Many organizations want to use ML to take advantage of their data and derive insights from it, but there is an imbalance between the number of potential ML applications and the amount of trained, expert ML practitioners to address them. As a result, there is an increasing demand to standardize ML across organizations by creating tools that make ML widely accessible throughout an organization and can be used off the shelf by non-ML experts and domain experts.

Recently, Automated Machine Learning (AutoML) has emerged as way to address the demand for ML in organizations across all experience and skill levels. AutoML aims to create a single system to automate (in other words, remove human input from) as much of the ML workflow as possible, including data preparation, feature engineering, model selection, hyperparameter tuning, and model evaluation. In doing so, it can be beneficial to nonexperts by lowering the barrier of entry into ML, but also to trained ML practitioners by eliminating some of the most tedious and time-consuming steps in the ML workflow.

AutoML for those who are not ML expert (GIS analysts, business analysts, or data analysts who are domain experts)—The main advantage of using AutoML is that it eliminates some of the steps in the ML workflow that require the most technical expertise and understanding. Analysts who are domain experts can define their business problem and collect the appropriate data, and have the computer do the rest. They don’t need a detailed understanding of data science techniques for data cleaning and feature engineering, they don’t need to know what all the ML algorithms do, and they don’t need to spend time exploring different algorithms and hyperparameter configurations. Instead, these analysts can focus on applying their domain expertise to a specific business problem or domain application. Additionally, they can be less dependent on trained data scientists and ML engineers in their organization because they can build and use advanced models on their own, often without any coding experience required.

AutoML for the ML expert (data scientists or ML engineers)—AutoML can also be beneficial to ML experts. Using AutoML, ML experts do not have to spend as much time supporting the domain experts in their organization and can focus on their own advanced ML work. AutoML can also be a time saver and productivity booster. Many of the time-consuming steps in the ML workflow—such as data cleaning, feature engineering, model selection, and hyperparameter tuning—can be automated. The time saved by automating these repetitive, exploratory steps can be shifted to more advanced technical tasks or to tasks that require more human input (for example, collaborating with domain experts, understanding the business problem, or interpreting the ML results).

AutoML can also help boost the productivity of ML practitioners because it eliminates some of the subjective choice and experimentation involved in the ML workflow. For example, an ML practitioner approaching a new project may have the training and expertise to guide them on which new features to construct, which ML algorithm might be the best for a particular problem, and which hyperparameters are most optimal. However, they may overlook the construction of certain new features or fail to try all the possible combinations of hyperparameters while they are performing the ML workflow. Additionally, the ML practitioner may bias the feature selection process or choice of algorithm because they prefer a particular ML algorithm based on their previous work or its success in other ML applications. In reality, no single ML algorithm performs best on all datasets; some ML algorithms are more sensitive than others to the selection of hyperparameters, and many business problems have varying degrees of complexity and requirements for interpretability from the ML algorithms used to solve them. AutoML can help reduce some of this human bias by applying many different ML algorithms to the same dataset and then determining which one performs best.

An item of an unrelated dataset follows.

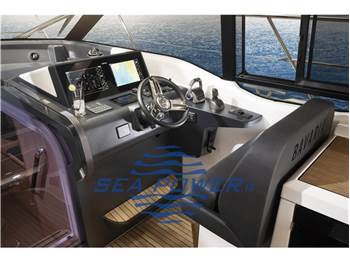 Bavaria SR35 Hard Top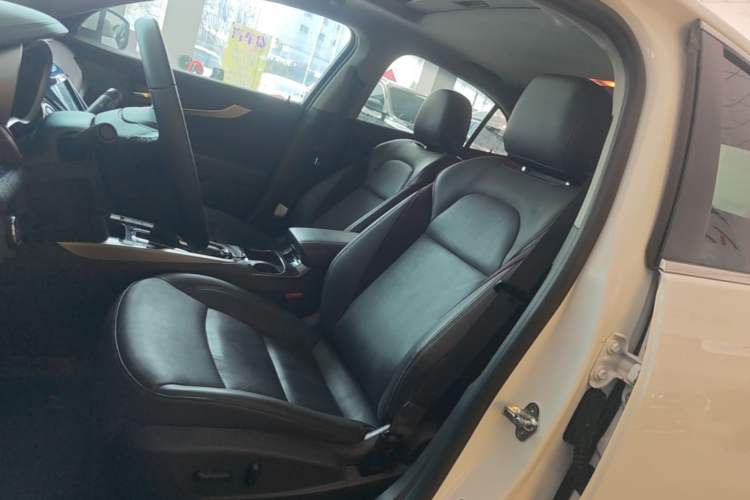 Used Chevrolet Malibu 2018 530T Automatic Luxury Edition Left Front Seat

For the ML practitioner, AutoML can also serve as an initial starting point or benchmark in an ML project. They can use it to automatically develop a baseline model for a dataset, which can give them preliminary insights into a particular problem. They may decide to add or remove specific features from the input dataset or focus on a specific ML algorithm and fine-tune its hyperparameters. In this sense, AutoML can be viewed as a means of narrowing the set of initial choices for a trained ML practitioner, so they can focus on improving the performance of the ML system overall. This is a commonly used workflow in which ML experts develop a data-driven benchmark using AutoML and build on this benchmark by incorporating their expertise to refine the results.

Standardizing ML using AutoML in an organization allows domain experts to focus their attention on the business problem and obtain actionable results, allows more analysts to build better models, and can reduce the number of ML experts that the organization needs. It can also help boost the productivity of trained ML practitioners and data scientists, allowing them to focus on the multitude of other tasks where it is needed most.

Create an ensemble

An ensemble is a collection of models whose predictions are combined by weighted averaging or voting.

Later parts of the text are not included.